The real-time analytics database designed to power analytics applications at any scale, for any number of users, and across streaming and batch data.
Druid’s core query engine features a highly efficient design to execute queries across large data sets. Queries are divided and fanned out – ie “scattered” – to relevant data nodes; partial results are merged by a broker node – ie “gathered”.
This design is highly efficient as only a portion of the data set is read and data is not sent across process boundaries or among the data nodes.
This single-stage process works for the smallest single node cluster to clusters with thousands of nodes with each data node processing billions of rows, enabling sub-second performance for most queries even with data sets of multiple petabytes.

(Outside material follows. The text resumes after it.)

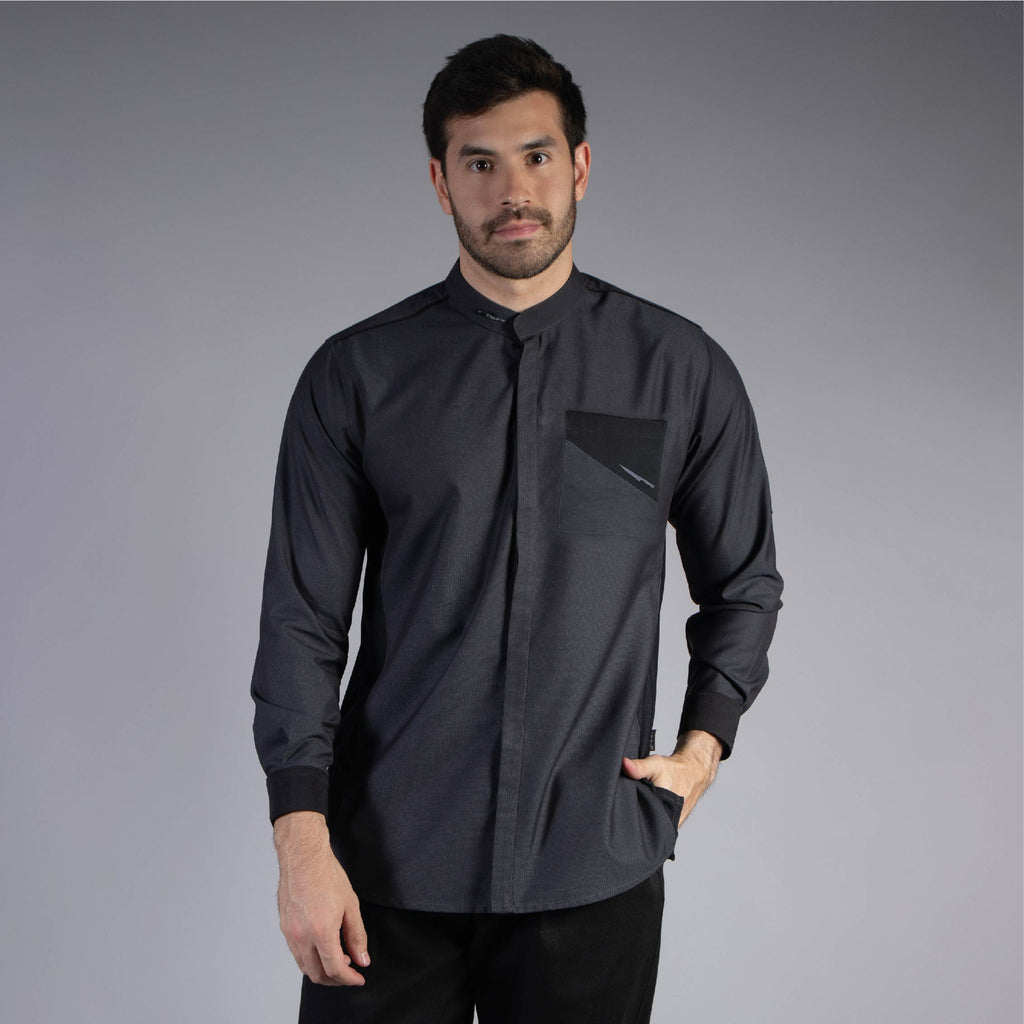 SACO MD 137 CHEF AMSTERDAM GAB OTTAWA NEGRO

For performance-sensitive workloads, data is pre-loaded into local caches before queries are issued, which guarantees high performance as data does not need to be read from deep storage over the network during a query.
Druid utilizes a high degree of intelligence to quickly identify which segments are relevant to the query and where they are located across a cluster of continuously rebalanced nodes. Queries are then fanned out across those relevant nodes and gathered so the final result can be sent to the application.

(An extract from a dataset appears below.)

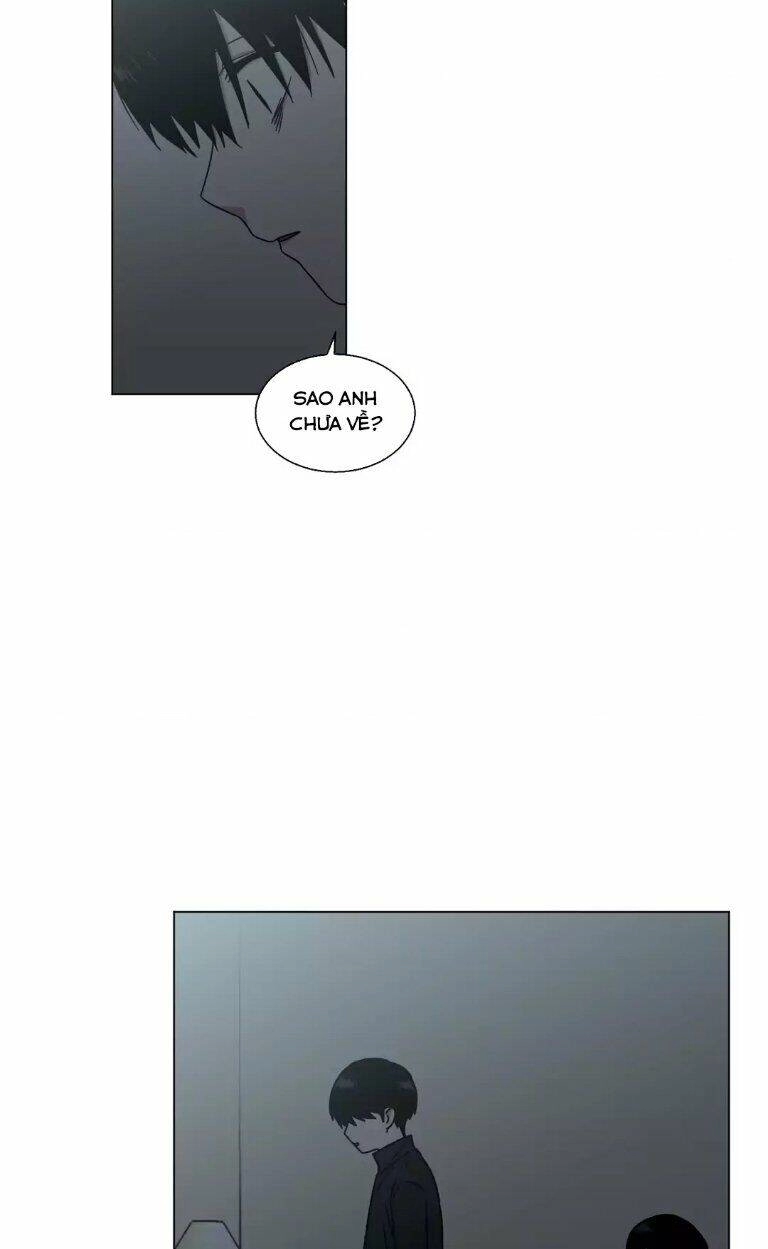 …”Một Sự Thật Khá Khó Chịu.” Chapter 56 - 60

Druid’s storage format was built in tandem with the query engine to maximize performance through processing efficiency. It stores ingested tables into optimized segments – with each segment comprising up to a few million rows of data.
The data in Druid segments are columnarized, time indexed, dictionary encoded, bitmap indexed, and type-aware compressed – all automatically. Queries only load the specific columns needed for each query and reads the optimized index, which further improves the performance of scans and aggregations.
“If you want super fast, low latency, less than a second, this is when we recommend Druid.”